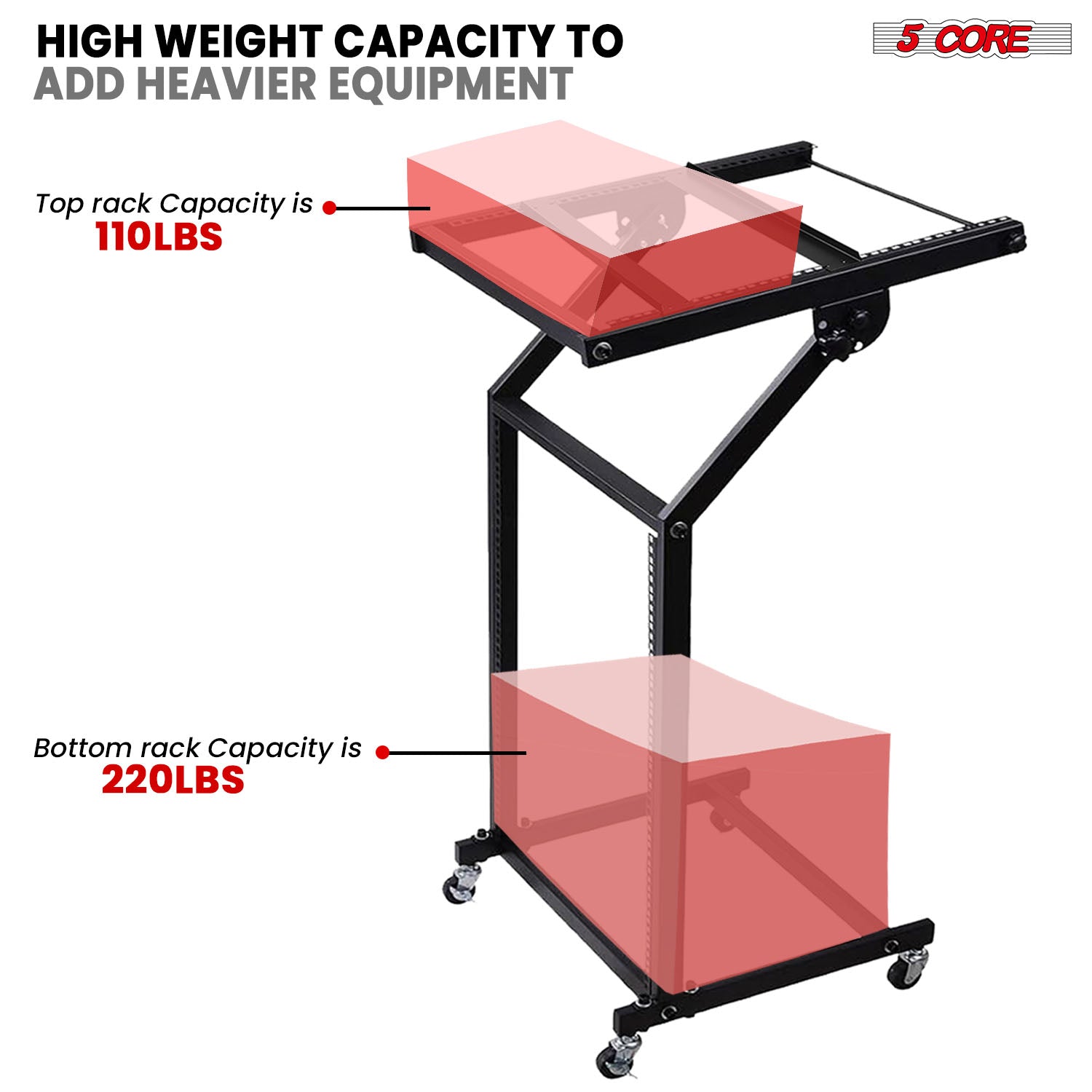 5Core DJ Mixer Stand 12U Adjustable Rack Mount Rolling Stage Cart Pro Audio Studio Equipment w Wheel-2
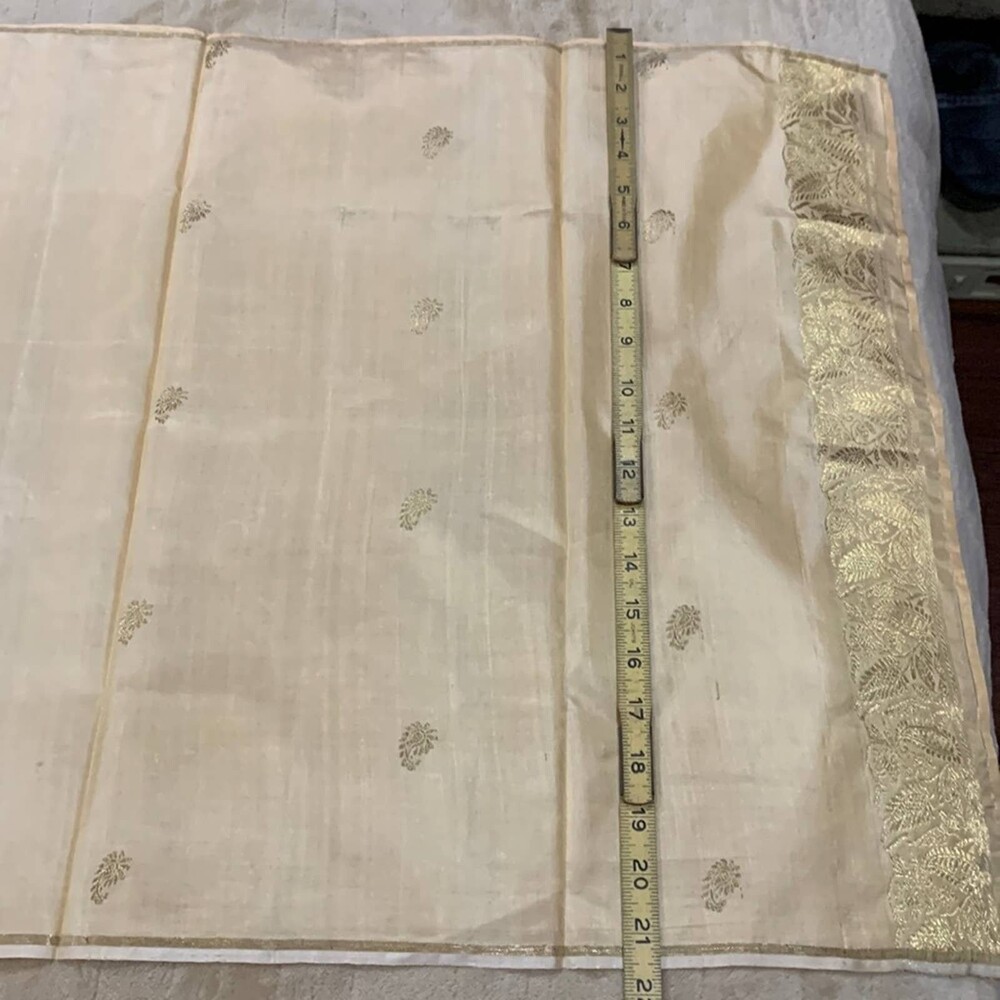 New vintage Kashmir Imports woven silk peach scarf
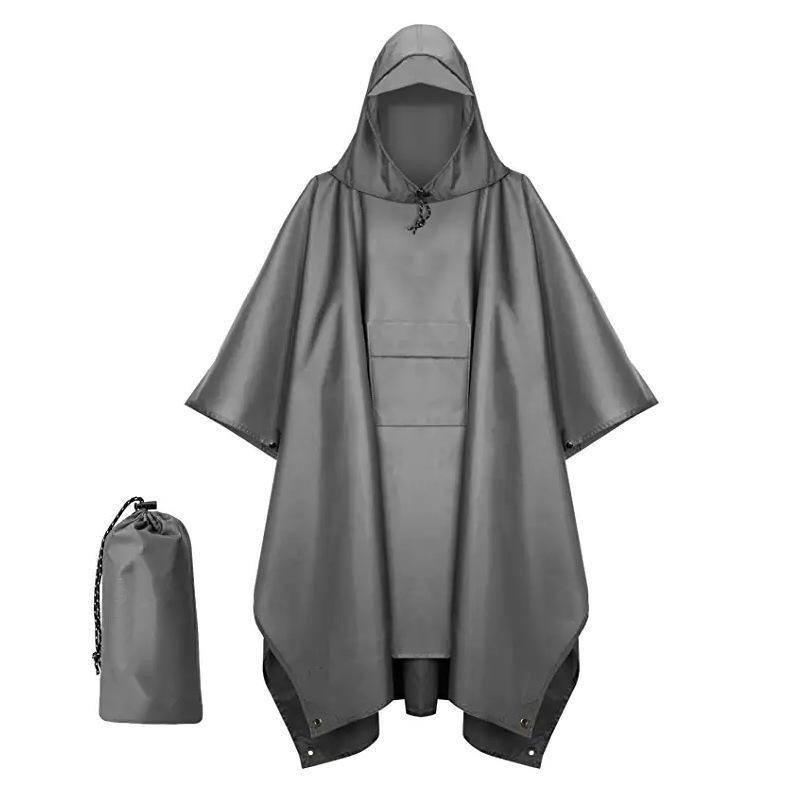 High quality unisex adult rain poncho with cap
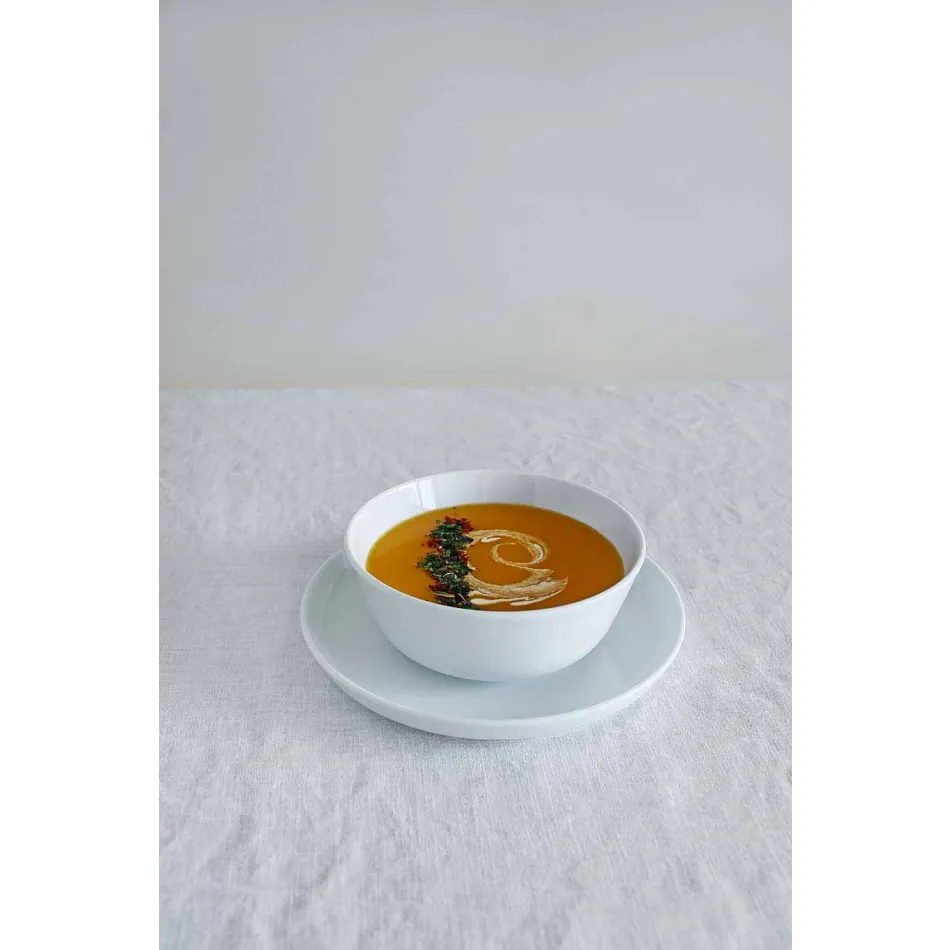 Plato llano de porcelana de diseño moderno blanco, 24 piezas - Ártico Viadurini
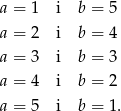 a = 1 i b = 5 a = 2 i b = 4 a = 3 i b = 3 a = 4 i b = 2 a = 5 i b = 1. 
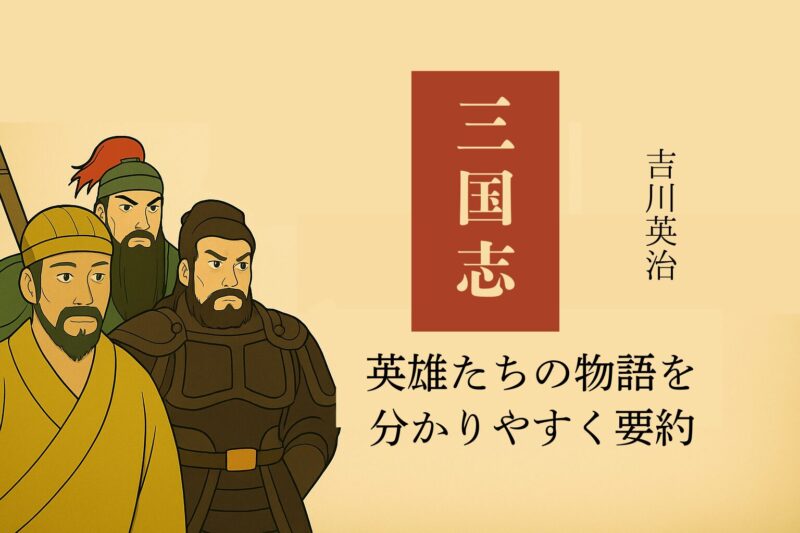 吉川英治『三国志』のあらすじ解説バナー。劉備・関羽・張飛のイラストとタイトル文字が配置された16:9画像。
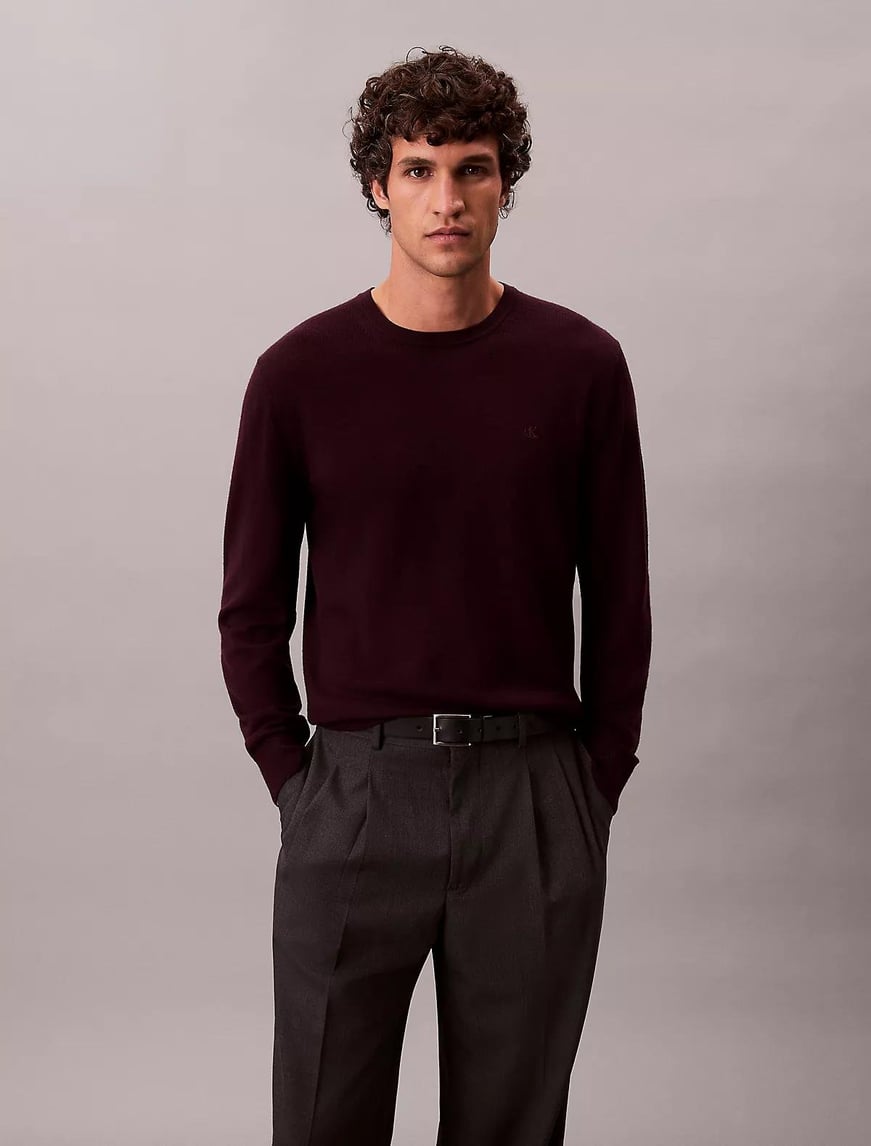 Calvin Klein Calvin Klein Erkek %100 Yün Normal Kalıp Ribanalı Yuvarlak Yaka Ck Logo Kabartmalı Uzun Kollu Örme Bordo Kazak LV04LB305G-GR9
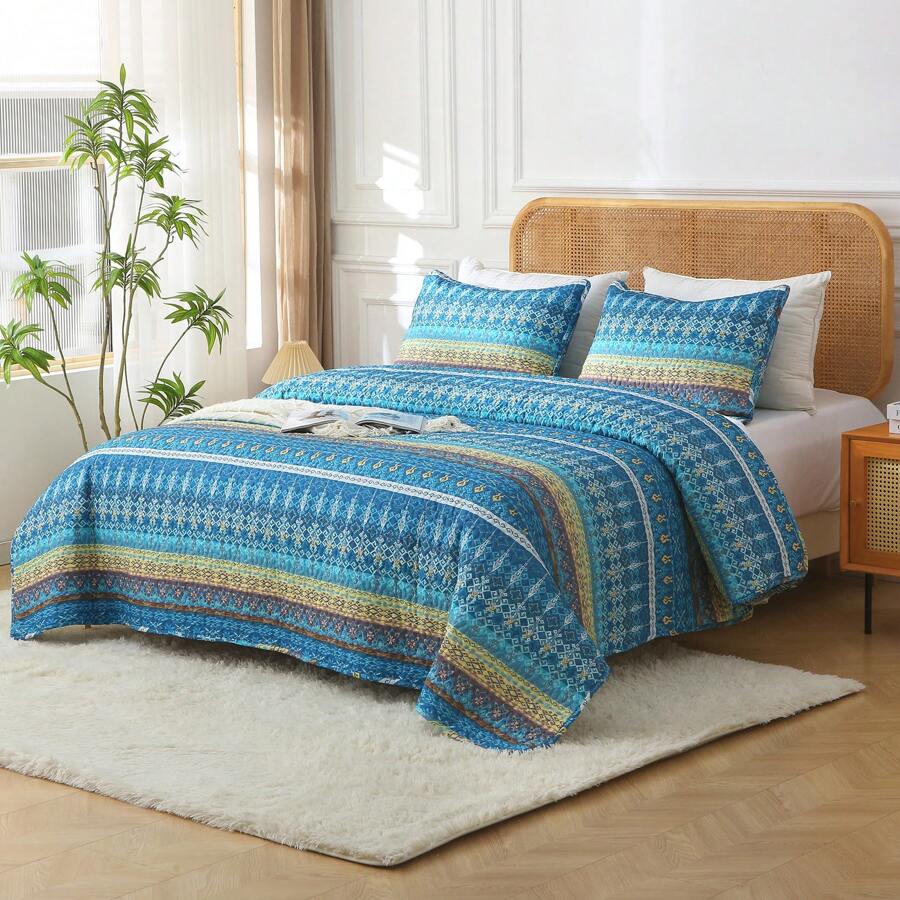Lightweight Quilted Bedspread Coverlet Set Breathable Embossed Wrinkle Cover Set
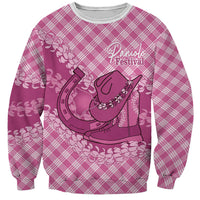 Alaka Hawaii Cowboy Palaka Motifs Personalised Sweatshirt Paniolo Festival Puakenikeni Lei LT14 Unisex Pink - Polynesian Pride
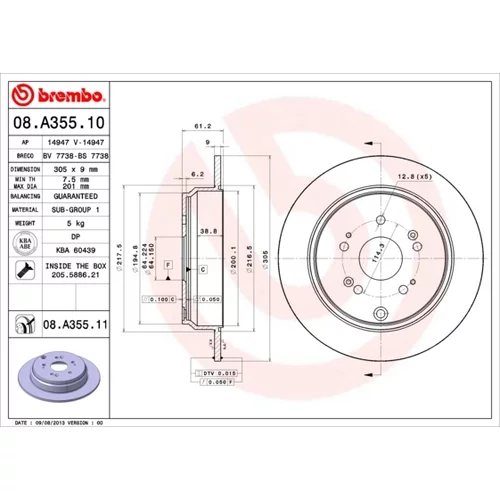 Brzdový kotúč BREMBO 08.A355.11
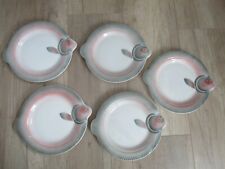 5 Earthenware Fish Plates by DIGOIN and SARREGUEMINES 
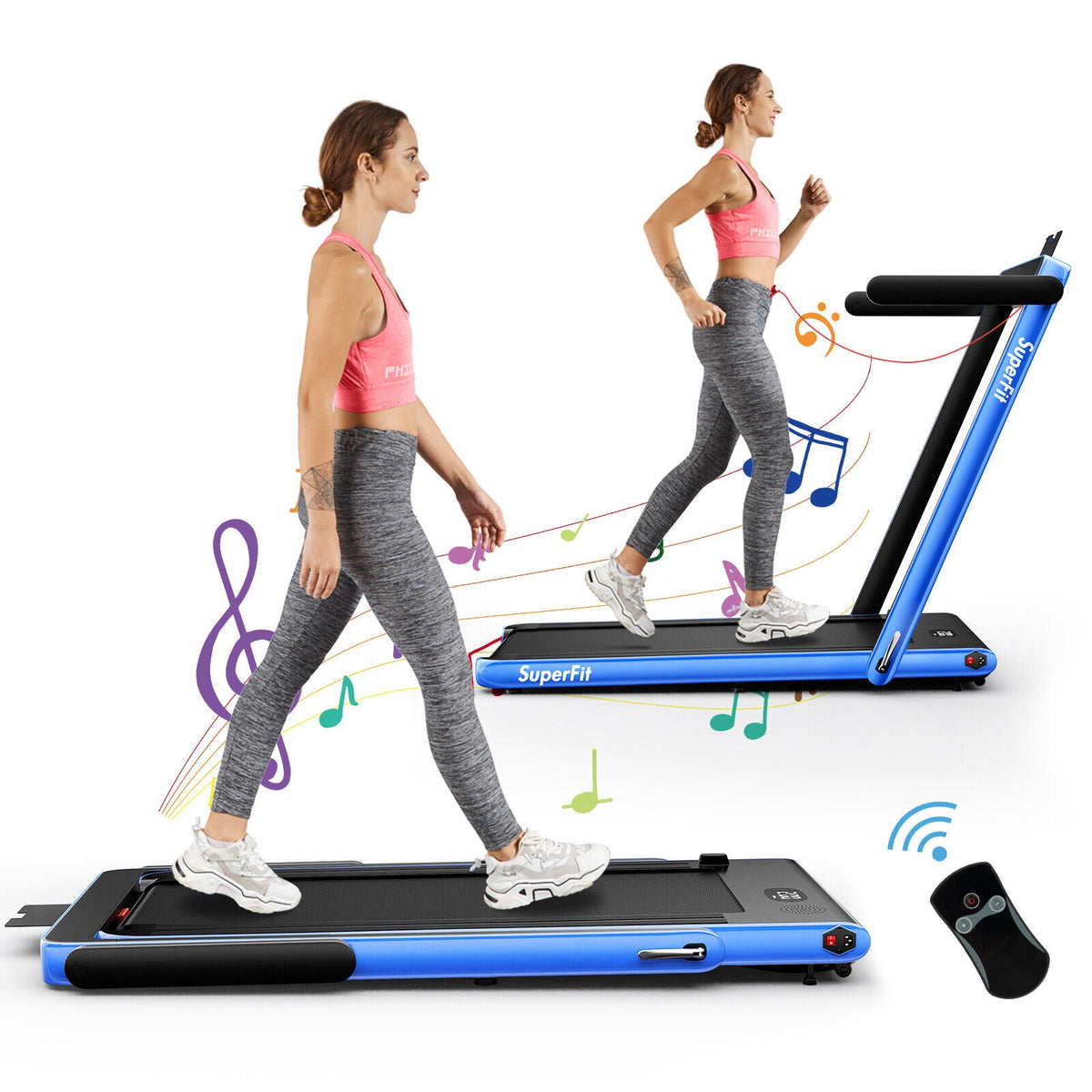 2.25HP folding treadmill featuring 2-in-1 modes, Gymax app compatibility, LED display, shock absorption, and remote control.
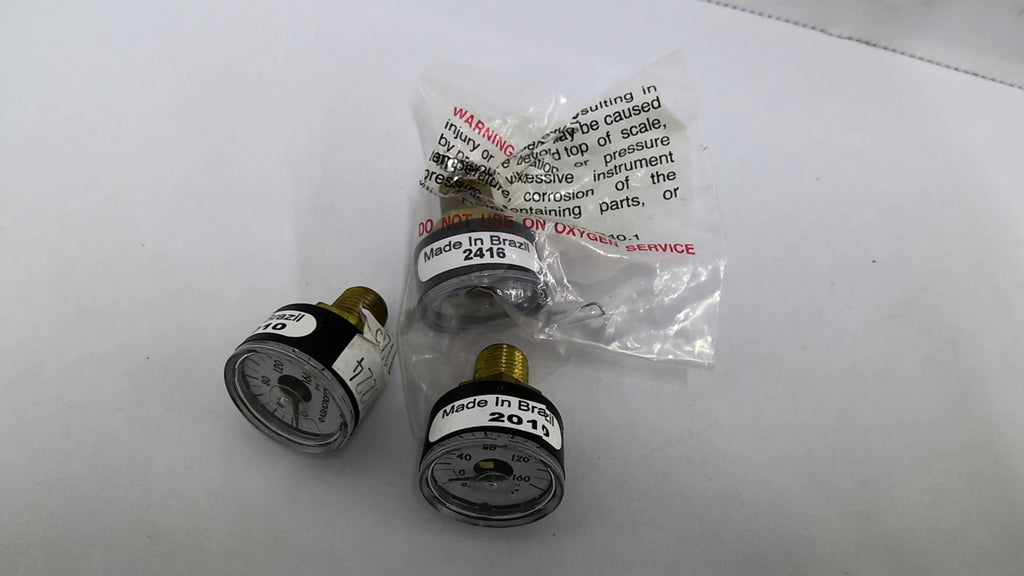Ashcroft 2010 2416 Pressure Guage Assortment Lot of 3 1/8" Male Lot of 3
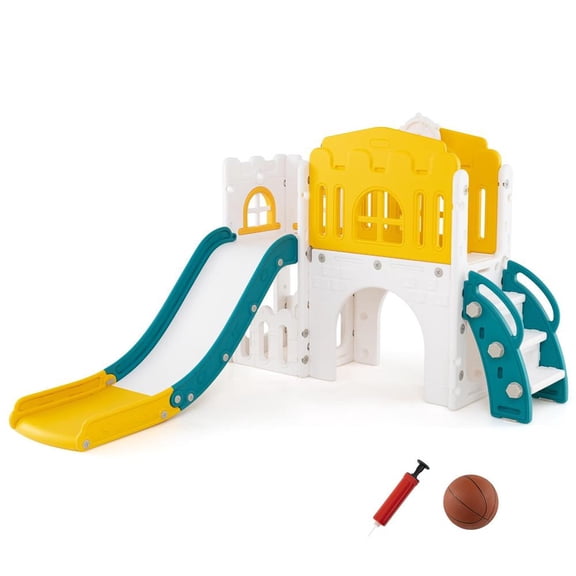 Topcobe 9-in-1 Toddler Slide L-Shaped with Basketball Hoop and Wheel, Children's Gifts for Birthday Holidays-Yellow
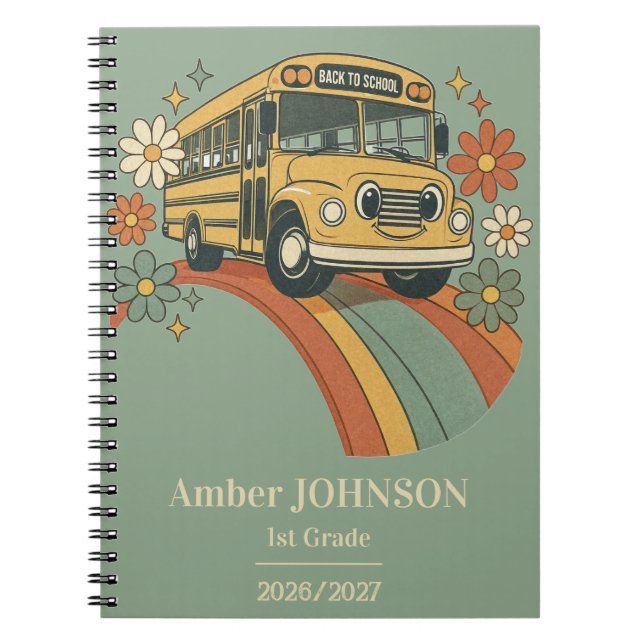 Retro School Bus Rainbow Back to School 1st grade Notebook (Front)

__________________________________________________

*Task instructions*
From the opening line of the entries above to the line containing "吉川英治『三国志』のあらすじ", please transcribe each line exactly, skipping every picture.

*Exercise result*
 5Core DJ Mixer Stand 12U Adjustable Rack Mount Rolling Stage Cart Pro Audio Studio Equipment w Wheel-2
 New vintage Kashmir Imports woven silk peach scarf
 High quality unisex adult rain poncho with cap
 Plato llano de porcelana de diseño moderno blanco, 24 piezas - Ártico Viadurini
 a = 1 i b = 5 a = 2 i b = 4 a = 3 i b = 3 a = 4 i b = 2 a = 5 i b = 1. 
 吉川英治『三国志』のあらすじ解説バナー。劉備・関羽・張飛のイラストとタイトル文字が配置された16:9画像。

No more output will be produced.